ABOUT THIS TASK -
With the line containing "The Mountain Goats" as the start and the line containing "Gethsemane Tree - Canvas" as the end, transcribe that span of the entries below exactly, including both.

Caption-style text data
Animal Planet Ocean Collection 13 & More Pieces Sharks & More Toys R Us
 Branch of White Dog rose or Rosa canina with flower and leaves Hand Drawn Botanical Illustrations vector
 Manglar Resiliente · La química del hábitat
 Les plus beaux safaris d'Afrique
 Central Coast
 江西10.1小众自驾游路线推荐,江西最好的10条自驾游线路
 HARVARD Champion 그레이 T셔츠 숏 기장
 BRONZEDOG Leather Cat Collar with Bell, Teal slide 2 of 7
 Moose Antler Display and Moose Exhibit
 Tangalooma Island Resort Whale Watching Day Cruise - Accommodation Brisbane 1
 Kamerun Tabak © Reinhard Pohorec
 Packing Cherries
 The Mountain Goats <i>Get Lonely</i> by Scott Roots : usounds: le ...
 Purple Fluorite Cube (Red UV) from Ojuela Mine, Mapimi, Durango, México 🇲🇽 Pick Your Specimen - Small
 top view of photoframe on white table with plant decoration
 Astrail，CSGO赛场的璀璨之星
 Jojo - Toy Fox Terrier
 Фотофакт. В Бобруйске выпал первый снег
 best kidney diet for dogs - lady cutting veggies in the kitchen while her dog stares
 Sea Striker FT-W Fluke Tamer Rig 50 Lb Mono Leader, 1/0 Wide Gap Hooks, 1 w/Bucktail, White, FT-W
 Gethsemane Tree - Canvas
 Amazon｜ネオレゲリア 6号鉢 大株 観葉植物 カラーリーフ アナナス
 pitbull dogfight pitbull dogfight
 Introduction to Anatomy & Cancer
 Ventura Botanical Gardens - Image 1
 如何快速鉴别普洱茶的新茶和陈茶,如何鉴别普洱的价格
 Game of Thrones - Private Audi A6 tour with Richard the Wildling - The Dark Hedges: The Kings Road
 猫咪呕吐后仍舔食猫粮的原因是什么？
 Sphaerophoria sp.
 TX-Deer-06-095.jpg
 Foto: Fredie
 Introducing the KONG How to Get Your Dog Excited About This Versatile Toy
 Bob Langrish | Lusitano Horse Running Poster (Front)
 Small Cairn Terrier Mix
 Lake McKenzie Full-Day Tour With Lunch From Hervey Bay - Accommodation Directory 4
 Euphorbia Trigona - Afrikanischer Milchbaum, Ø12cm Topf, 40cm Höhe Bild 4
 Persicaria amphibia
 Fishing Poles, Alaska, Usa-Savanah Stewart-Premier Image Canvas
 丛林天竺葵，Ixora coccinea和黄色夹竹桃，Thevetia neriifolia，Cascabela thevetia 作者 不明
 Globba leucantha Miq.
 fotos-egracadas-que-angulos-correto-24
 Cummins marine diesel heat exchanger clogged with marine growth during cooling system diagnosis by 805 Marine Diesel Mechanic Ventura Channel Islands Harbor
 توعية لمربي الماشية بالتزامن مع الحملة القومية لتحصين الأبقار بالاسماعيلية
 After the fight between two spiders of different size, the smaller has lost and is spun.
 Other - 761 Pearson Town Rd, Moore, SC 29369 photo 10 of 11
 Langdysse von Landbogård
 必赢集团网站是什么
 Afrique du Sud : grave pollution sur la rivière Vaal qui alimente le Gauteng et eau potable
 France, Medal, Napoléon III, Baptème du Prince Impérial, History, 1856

ANSWER SPACE -
 The Mountain Goats <i>Get Lonely</i> by Scott Roots : usounds: le ...
 Purple Fluorite Cube (Red UV) from Ojuela Mine, Mapimi, Durango, México 🇲🇽 Pick Your Specimen - Small
 top view of photoframe on white table with plant decoration
 Astrail，CSGO赛场的璀璨之星
 Jojo - Toy Fox Terrier
 Фотофакт. В Бобруйске выпал первый снег
 best kidney diet for dogs - lady cutting veggies in the kitchen while her dog stares
 Sea Striker FT-W Fluke Tamer Rig 50 Lb Mono Leader, 1/0 Wide Gap Hooks, 1 w/Bucktail, White, FT-W
 Gethsemane Tree - Canvas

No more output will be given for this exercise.